AI Engineer (Core)
About Build Technologies
Our customers include some of the largest built-world institutions: alternative asset investors, developers, infrastructure owners, energy companies, industrial operators, and public-sector partners. Their work shapes the physical world, but the workflows behind that work are still slow, fragmented, document-heavy, and dependent on expert coordination.
We believe the next generation of built-world software will not just organize work. It will help do the work. Agents will reason across documents, drawings, financial models, market data, approvals, constraints, and expert judgment. Human experts will stay in control, but they will operate with far more leverage.
We are backed by leading investors and operators, including executives from Blackstone and OpenAI, alongside top venture firms. We are building a generational company at the intersection of AI and the physical world.
About the Role
This is a hands-on engineering role for someone who wants to make agents reliable, observable, scalable, and safe enough for high-stakes real-world workflows. You will work close to the agent runtime, evaluation systems, retrieval layer, tool orchestration, tracing, workflow execution, and developer platform that power Build’s product.
You should be excited by the engineering problems that appear after the demo works: how agents plan and call tools, how context is assembled, how workflows resume after failure, how quality is measured, how regressions are caught, how cost and latency are controlled, and how engineers can ship agent improvements with confidence.
This is not a research-only role. It is infrastructure work for production AI systems.
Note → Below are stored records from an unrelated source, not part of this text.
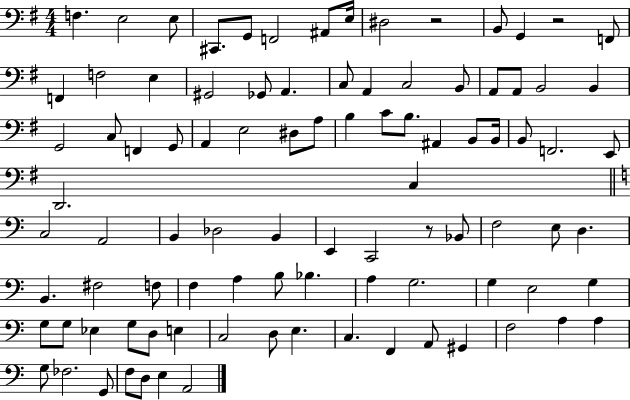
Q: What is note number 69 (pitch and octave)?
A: G3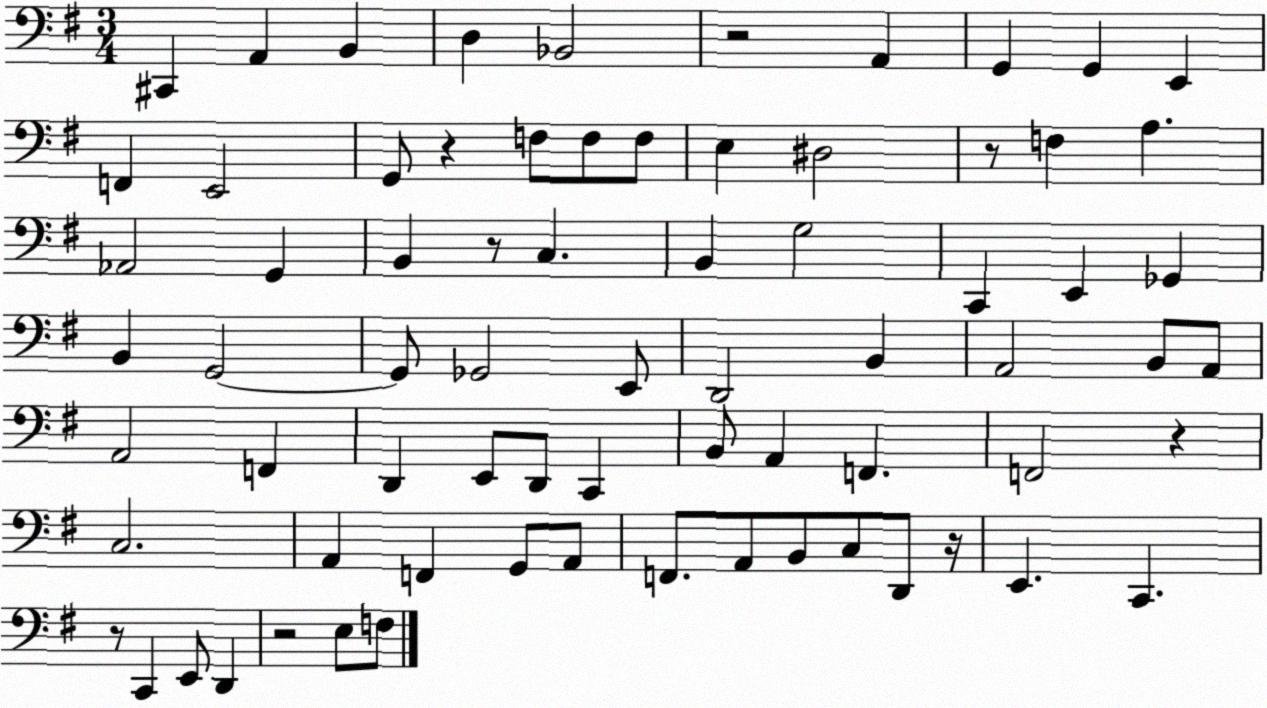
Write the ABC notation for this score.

X:1
T:Untitled
M:3/4
L:1/4
K:G
^C,, A,, B,, D, _B,,2 z2 A,, G,, G,, E,, F,, E,,2 G,,/2 z F,/2 F,/2 F,/2 E, ^D,2 z/2 F, A, _A,,2 G,, B,, z/2 C, B,, G,2 C,, E,, _G,, B,, G,,2 G,,/2 _G,,2 E,,/2 D,,2 B,, A,,2 B,,/2 A,,/2 A,,2 F,, D,, E,,/2 D,,/2 C,, B,,/2 A,, F,, F,,2 z C,2 A,, F,, G,,/2 A,,/2 F,,/2 A,,/2 B,,/2 C,/2 D,,/2 z/4 E,, C,, z/2 C,, E,,/2 D,, z2 E,/2 F,/2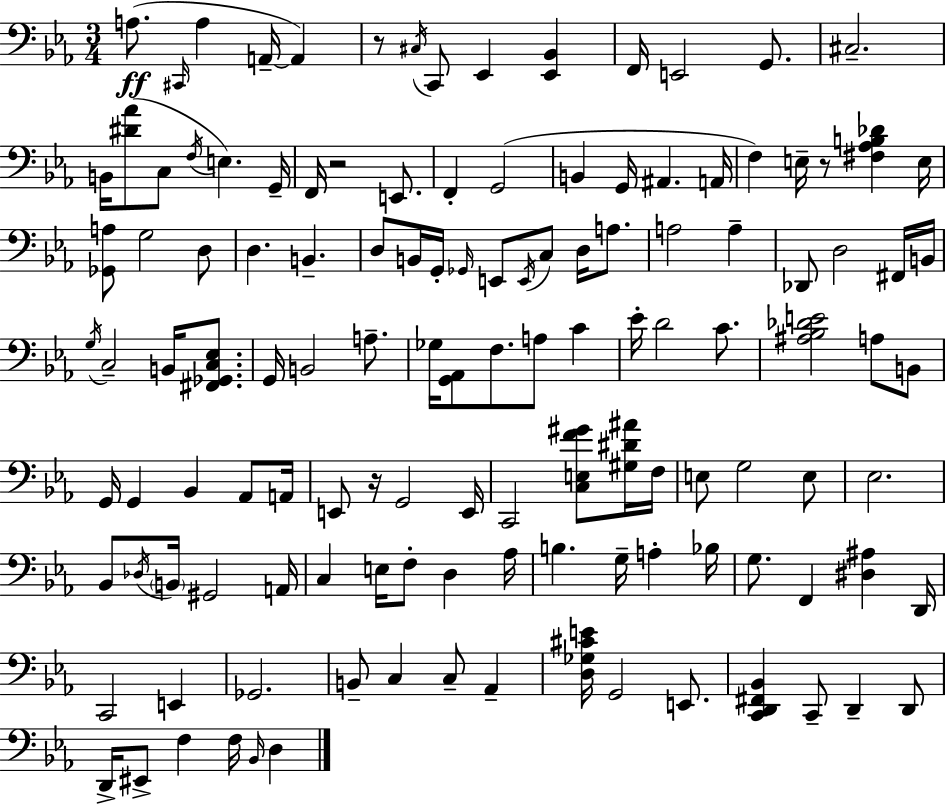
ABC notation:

X:1
T:Untitled
M:3/4
L:1/4
K:Eb
A,/2 ^C,,/4 A, A,,/4 A,, z/2 ^C,/4 C,,/2 _E,, [_E,,_B,,] F,,/4 E,,2 G,,/2 ^C,2 B,,/4 [^D_A]/2 C,/2 F,/4 E, G,,/4 F,,/4 z2 E,,/2 F,, G,,2 B,, G,,/4 ^A,, A,,/4 F, E,/4 z/2 [^F,_A,B,_D] E,/4 [_G,,A,]/2 G,2 D,/2 D, B,, D,/2 B,,/4 G,,/4 _G,,/4 E,,/2 E,,/4 C,/2 D,/4 A,/2 A,2 A, _D,,/2 D,2 ^F,,/4 B,,/4 G,/4 C,2 B,,/4 [^F,,_G,,C,_E,]/2 G,,/4 B,,2 A,/2 _G,/4 [G,,_A,,]/2 F,/2 A,/2 C _E/4 D2 C/2 [^A,_B,_DE]2 A,/2 B,,/2 G,,/4 G,, _B,, _A,,/2 A,,/4 E,,/2 z/4 G,,2 E,,/4 C,,2 [C,E,F^G]/2 [^G,^D^A]/4 F,/4 E,/2 G,2 E,/2 _E,2 _B,,/2 _D,/4 B,,/4 ^G,,2 A,,/4 C, E,/4 F,/2 D, _A,/4 B, G,/4 A, _B,/4 G,/2 F,, [^D,^A,] D,,/4 C,,2 E,, _G,,2 B,,/2 C, C,/2 _A,, [D,_G,^CE]/4 G,,2 E,,/2 [C,,D,,^F,,_B,,] C,,/2 D,, D,,/2 D,,/4 ^E,,/2 F, F,/4 _B,,/4 D,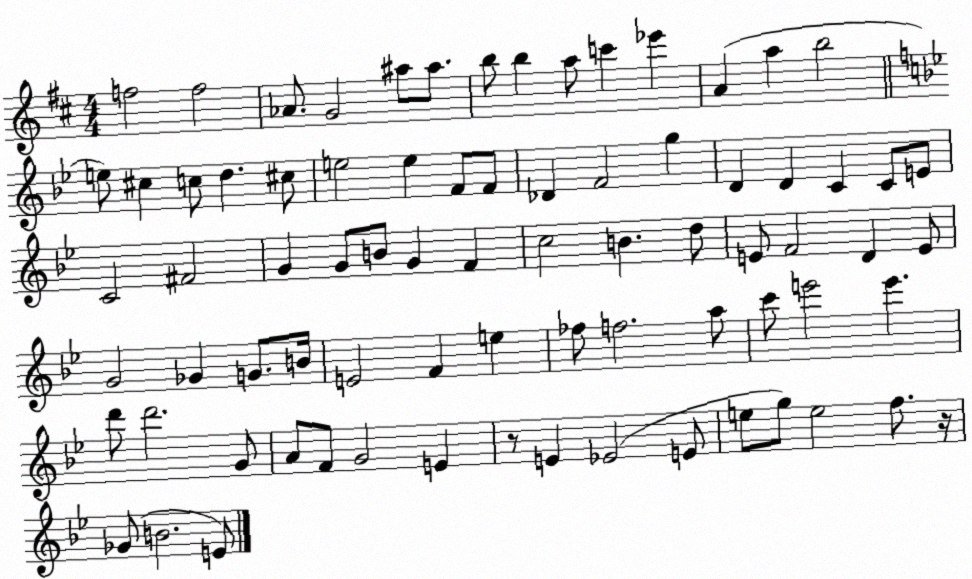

Your work will define the foundation that lets Build ship faster while keeping quality, trust, and reliability high.
Qualifications
You have deep experience with backend systems, distributed systems, data systems, workflow engines, observability, or developer platforms.
You are fluent in Python and comfortable designing reliable APIs, services, queues, workers, storage models, and execution systems.
You have built with LLM APIs, tool calling, structured outputs, RAG, evals, tracing, or agent frameworks.
You care about reliability, debuggability, latency, cost, safety, and maintainability.
You think in interfaces, abstractions, failure modes, and long-term platform leverage.
You can separate what should be product-specific from what should become a reusable platform primitive.
You move fast, but you care about the engineering discipline needed to make fast teams safe.
Bonus points:
Experience with agentic frameworks, LLMs, workflow engines, vector databases, reranking, model gateways, or AI observability tools.
Experience building eval systems, trace replay systems, regression infrastructure, prompt/model versioning, or LLM quality dashboards.
Experience with document AI, multimodal systems, structured extraction, citation systems, or knowledge graph infrastructure.
Experience designing permission systems, sandboxed tools, policy engines, secure execution layers, or audit trails for AI systems.
Experience supporting product teams through internal SDKs, frameworks, platform abstractions, or developer tooling.
Responsibilities
Design infrastructure for long-running agents, tool orchestration, workflow state, retries, fallbacks, human handoff, and resumability.
Build context and retrieval systems that help agents use the right documents, structured data, prior decisions, project state, and tool outputs.
Create eval infrastructure for agent behavior, document understanding, groundedness, workflow completion, visual reasoning, latency, cost, and regressions.
Build observability systems for traces, prompts, model versions, tool calls, intermediate reasoning artifacts, failure modes, human overrides, and production quality metrics.
Improve the reliability of LLM-powered systems through deterministic checks, structured outputs, validation layers, guardrails, monitoring, and failure recovery.
Partner with product engineers to turn repeated workflow patterns into reusable primitives, SDKs, templates, and platform capabilities.
Evaluate and integrate models, agent frameworks, retrieval techniques, multimodal capabilities, and AI infrastructure tools.
Own performance, scalability, security, and maintainability across the AI platform.
Help define the engineering standards for production agent systems at Build.